Crypto exchange Liquid, one Japan’s most popular exchanges, is now short $97 million in total assets after a cyber attack that pulled funds directly from the wallets of some of its customers.
In 2020 Japan amended its Payment Services Act (PSA) and Financial Instruments and Exchange Act (FIEA) to put certain regulations on cryptocurrency in the country, primarily requiring crypto exchanges to separate the money of users from their own internal finances. This generally means the use of offline “cold wallets” or outsourcing this function to a third party, but some Japanese crypto exchanges keep “hot wallets” and meet regulatory requirements by holding the same type and quantity of all user assets so that reimbursements can be issued directly when necessary. This is the option that Liquid went with, and the company has suspended asset deposits and withdrawals as it sorts out the situation.

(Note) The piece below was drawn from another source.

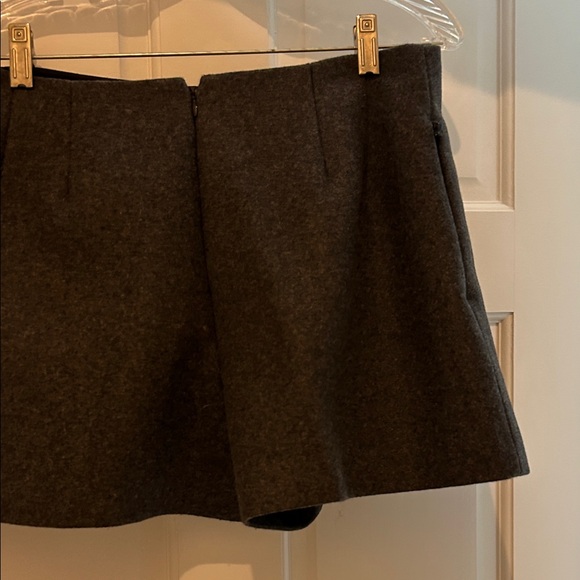 Elegant Charcoal High Waist Women's Shorts - Picture 4 of 4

A month for major crypto exchange heists
Liquid lost $45 million in Ethereum in the cyber attack in addition to about $52 million divided between Bitcoin, XRP and a variety of stablecoins (such as Tether). Liquid has not confirmed the full amount lost in the attack, with the $97 million estimate coming from outside blockchain analytics firm Elliptic.

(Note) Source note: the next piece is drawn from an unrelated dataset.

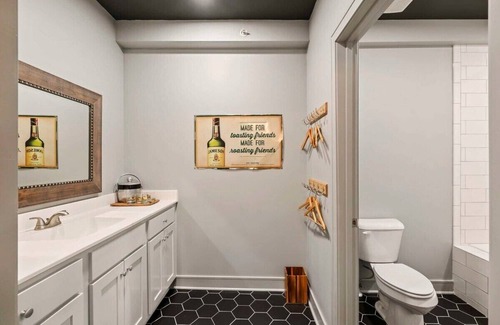 Parkville Apartment | 1 Bedroom Charmer Near boutiques Downtown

Tweets from Liquid indicate that the cryptocurrency exchange is still investigating the situation and has not yet issued any information on how the attack was pulled off. In addition to temporarily suspending deposits and withdrawals, Liquid has moved all existing funds to more secure offline cold wallets.

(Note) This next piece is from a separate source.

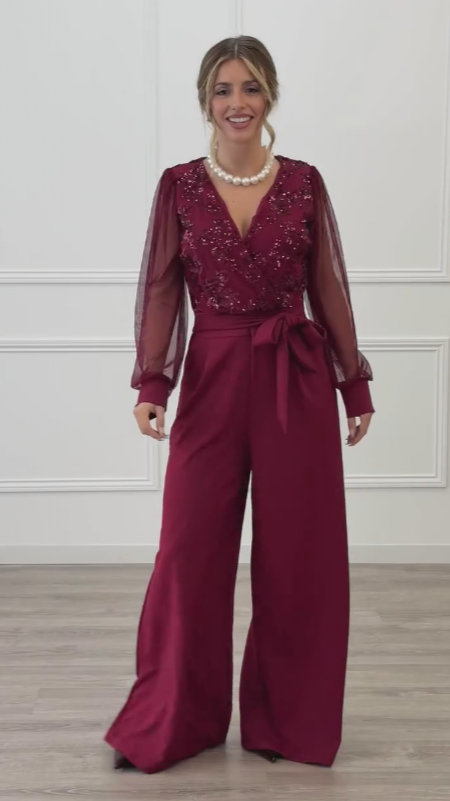 Overal s V-výstřihem, síťovanými rukávy a širokými nohavicemi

The situation is shaping up to be a major problem for the popular cryptocurrency exchange, as security researchers have observed that the stolen Ethereum tokens are being converted to Ether via decentralized exchanges to evade the possibility of freezing. The situation calls to mind the very recent breach of decentralized finance platform Poly Network, which was hit for $610 million (making it, at least initially, the biggest cryptocurrency heist in history). However, it seems unlikely this story will play out the same way. The Poly Network hacker (referred to as “White Hat”) began returning funds within a day, claiming that they were only demonstrating a vulnerability and never intended to keep the money. Poly Network issued an update Monday morning indicating that it had recovered all of those funds. The Liquid attack occurred just before the weekend, and thus far there is no indication of who might have been the culprit or that they have any intention of giving back any tokens.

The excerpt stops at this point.